CD10 expression identifies a subset of human perivascular progenitor cells with high proliferation and calcification potentials

The tunica adventitia ensheathes arteries and veins and contains presumptive mesenchymal stem cells (MSCs) involved in vascular remodeling. We show here that a subset of human adventitial cells express the CD10/CALLA cell surface metalloprotease. Both CD10+ and CD10− adventitial cells displayed phenotypic features of MSCs when expanded in culture. However, CD10+ adventitial cells exhibited higher proliferation, clonogenic and osteogenic potentials in comparison to their CD10− counterparts. CD10+ adventitial cells increased expression of the cell cycle protein CCND2 via ERK1/2 signaling and osteoblastogenic gene expression via NF‐κB signaling.
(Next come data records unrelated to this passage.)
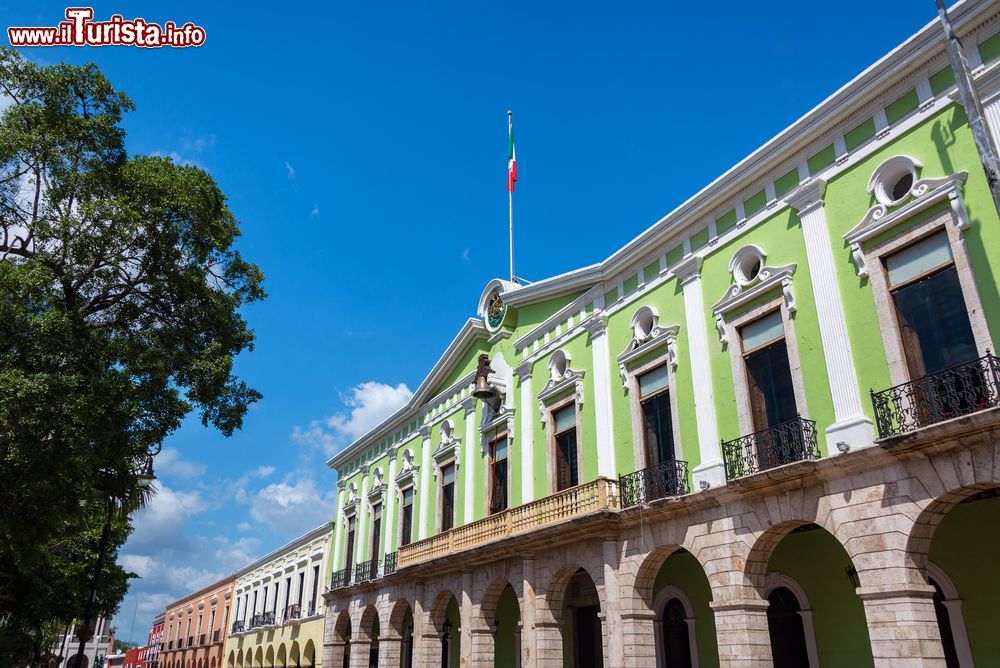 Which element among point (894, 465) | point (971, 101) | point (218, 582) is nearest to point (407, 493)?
point (894, 465)

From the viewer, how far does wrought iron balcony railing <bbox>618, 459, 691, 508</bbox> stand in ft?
43.4

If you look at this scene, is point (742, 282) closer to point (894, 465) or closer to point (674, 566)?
Answer: point (894, 465)

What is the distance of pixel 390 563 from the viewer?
75.9 ft

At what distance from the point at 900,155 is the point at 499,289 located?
1168cm

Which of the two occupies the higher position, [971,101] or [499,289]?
[499,289]

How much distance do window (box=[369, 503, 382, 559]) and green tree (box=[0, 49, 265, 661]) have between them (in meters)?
12.8

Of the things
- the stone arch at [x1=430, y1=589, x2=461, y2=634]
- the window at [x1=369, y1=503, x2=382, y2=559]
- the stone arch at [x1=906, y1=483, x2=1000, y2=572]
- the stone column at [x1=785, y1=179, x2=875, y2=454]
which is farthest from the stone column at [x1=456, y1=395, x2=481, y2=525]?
the stone arch at [x1=906, y1=483, x2=1000, y2=572]

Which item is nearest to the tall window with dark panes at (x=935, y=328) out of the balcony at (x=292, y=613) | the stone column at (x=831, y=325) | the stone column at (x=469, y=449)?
the stone column at (x=831, y=325)

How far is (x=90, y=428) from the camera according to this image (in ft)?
36.4

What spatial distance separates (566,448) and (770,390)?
5.75 m

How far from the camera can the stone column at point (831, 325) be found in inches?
412

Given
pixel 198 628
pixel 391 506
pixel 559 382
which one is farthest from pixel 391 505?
pixel 198 628

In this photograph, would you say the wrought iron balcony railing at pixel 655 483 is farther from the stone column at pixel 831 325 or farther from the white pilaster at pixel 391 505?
the white pilaster at pixel 391 505

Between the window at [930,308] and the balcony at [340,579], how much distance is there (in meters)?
21.4
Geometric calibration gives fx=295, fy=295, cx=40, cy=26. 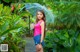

CD10 expression was upregulated in adventitial cells through sonic hedgehog‐mediated GLI1 signaling. These results suggest that CD10, which marks rapidly dividing cells in other normal and malignant cell lineages, plays a role in perivascular MSC function and cell fate specification. These findings also point to a role for CD10+ perivascular cells in vascular remodeling and calcification. Sonic hedgehog (SHH)/GLI1/CD10 signaling in the perivascular niche (Figure S8). SHH secreted in the perivascular niche induces GLI1 and CD10 expression. CD10 can upregulate CCND2 expression via ERK1/2 and stimulate NELL1 expression via NF‐κB, which leads to self‐renewal and high osteogenic potential in human adventitial cells.